A gong sounded. People started to stir, then slowly stampede. A line formed that snaked the length of the ship. I didn’t see any food. I didn’t smell any food, but a gong and what could pass as a queue facing in one direction was enough for me. I imagined rice and vegetables with a fried egg on top, soup with scallions and cabbage and pillows of tofu, maybe a shred of pork or chicken. I hadn’t eaten since early morning. The line moved but I was too far away to see anything. I smiled at the babies; pushed with the best of them. I was very hungry and nearing my turn.

And soon, there in front of me were the servers, ladling food onto tin plates from two huge oil drums. I was pushed from behind, handed a tin plate, and pushed again.

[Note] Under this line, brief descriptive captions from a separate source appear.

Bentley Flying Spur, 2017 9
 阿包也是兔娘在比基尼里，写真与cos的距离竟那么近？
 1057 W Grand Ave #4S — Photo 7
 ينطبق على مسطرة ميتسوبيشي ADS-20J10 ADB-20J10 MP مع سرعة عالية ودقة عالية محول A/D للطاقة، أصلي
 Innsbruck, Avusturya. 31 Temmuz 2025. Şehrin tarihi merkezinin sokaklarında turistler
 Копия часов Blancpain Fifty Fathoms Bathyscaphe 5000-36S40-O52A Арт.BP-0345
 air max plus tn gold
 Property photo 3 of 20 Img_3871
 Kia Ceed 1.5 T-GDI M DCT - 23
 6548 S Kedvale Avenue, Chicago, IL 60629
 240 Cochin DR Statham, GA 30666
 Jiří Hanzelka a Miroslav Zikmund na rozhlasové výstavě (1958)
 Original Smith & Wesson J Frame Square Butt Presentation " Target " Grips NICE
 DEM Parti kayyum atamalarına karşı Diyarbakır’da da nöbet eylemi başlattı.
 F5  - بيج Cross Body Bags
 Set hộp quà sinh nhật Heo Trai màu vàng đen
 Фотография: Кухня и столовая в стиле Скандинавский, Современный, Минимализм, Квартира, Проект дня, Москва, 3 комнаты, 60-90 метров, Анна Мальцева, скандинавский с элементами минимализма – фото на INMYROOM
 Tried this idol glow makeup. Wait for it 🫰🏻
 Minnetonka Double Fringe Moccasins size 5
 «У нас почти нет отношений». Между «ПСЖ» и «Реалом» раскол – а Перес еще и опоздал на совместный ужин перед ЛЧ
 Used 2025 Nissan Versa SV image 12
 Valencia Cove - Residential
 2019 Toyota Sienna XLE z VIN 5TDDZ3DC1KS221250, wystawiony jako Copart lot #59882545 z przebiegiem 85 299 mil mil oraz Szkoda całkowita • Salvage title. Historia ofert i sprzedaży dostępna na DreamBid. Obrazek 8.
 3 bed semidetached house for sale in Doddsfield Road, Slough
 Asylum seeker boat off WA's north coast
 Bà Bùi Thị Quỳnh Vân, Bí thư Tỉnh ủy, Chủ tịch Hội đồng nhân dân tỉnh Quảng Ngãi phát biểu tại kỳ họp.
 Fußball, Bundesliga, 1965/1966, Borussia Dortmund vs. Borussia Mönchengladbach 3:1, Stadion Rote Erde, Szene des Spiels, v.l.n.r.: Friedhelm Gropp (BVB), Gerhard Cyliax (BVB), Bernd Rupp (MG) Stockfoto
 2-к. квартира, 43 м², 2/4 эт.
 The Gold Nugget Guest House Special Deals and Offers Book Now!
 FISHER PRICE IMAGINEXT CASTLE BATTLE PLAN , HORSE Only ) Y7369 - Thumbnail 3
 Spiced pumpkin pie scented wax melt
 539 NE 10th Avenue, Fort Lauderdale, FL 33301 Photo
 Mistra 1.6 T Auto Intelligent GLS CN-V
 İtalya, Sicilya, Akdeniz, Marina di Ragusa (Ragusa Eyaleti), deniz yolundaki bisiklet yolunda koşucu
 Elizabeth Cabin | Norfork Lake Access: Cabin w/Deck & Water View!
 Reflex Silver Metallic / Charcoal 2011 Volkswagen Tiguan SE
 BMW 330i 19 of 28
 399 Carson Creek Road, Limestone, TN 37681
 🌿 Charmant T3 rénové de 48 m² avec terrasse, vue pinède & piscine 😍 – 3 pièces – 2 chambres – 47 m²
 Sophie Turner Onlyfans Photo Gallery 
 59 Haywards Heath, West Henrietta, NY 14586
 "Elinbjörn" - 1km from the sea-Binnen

I looked down. A ball of rice and two silvery fish heads. Maybe there were three. Fish heads? I liked the look of a whole fish on a plate as well as anyone: braised with ginger, or roasted with fennel. I even liked the way a whole fish looked after it was eaten. A charming head and tail and a beautiful skeleton of bones.

The rice was gummy, the fish heads were small, stuck in the rice, eyes staring. I didn’t know what to do with them except look for a cat! My companions, English and Australian, gave back their plates and left the line empty-handed. They hadn’t liked the Christmas turtle soup or the lacquered goose poised in flight. They pooled their money with a plan to bribe the crew. I decided not to give up. I was very hungry. I took my tin plate and went back to my place on the deck. I formed some rice into a ball with my fingers and shoveled it into my mouth with my thumb. The fish heads looked at me. I picked one up and studied it. I poked at it with my fingers and found a small round of sweet white flesh at the cheek. And more to eat in the furrow at the top of the head, and above the eyes, at the forehead (if fish have a forehead). I broke it apart and sucked the bones. I ignored the eyes and gelatinous bits (personally, aspic gives me shivers) and I started on the second head. I finished the rice. I rinsed my fingers and my plate. My travel friends, meanwhile, had managed to score a pineapple and a bag of mandarins for a small fortune. They set about rationing like shipwrecked sailors. I accepted a mandarin section. I have always liked fruit after a meal. I unzipped my sleeping bag and lay down on the deck. I dreamt of fish heads.

The next day lunch was fish heads and rice and dinner was fish heads and rice. Twice a day, every day, for seven days, I ate fish heads. I found more tasty bits. I found the joy in fish heads. I smiled at the babies. I breathed in the sea air.

The ship ultimately left us, not in Singapore, but on a tiny island off Malaysia that had never seen a tourist, where the police were kind enough to put us up in a jail cell for the night, and for another small fortune, we hired a boat to take us to Singapore. We went straight to Maxwell Road to eat amazing dishes at the open-air market: Hokkein mee (fried prawn noodles), Hainanese chicken rice, chili crab. I didn’t miss the fish heads. But I’ve never forgotten them.

There was an old Italian man in my neighborhood who had served time in Alcatraz. In “the hole,” he said, they fed him bread and water. “I’d put the bread aside,” he told me, “and after two days it tasted like cake . . .” In Indonesia, I learned what he meant.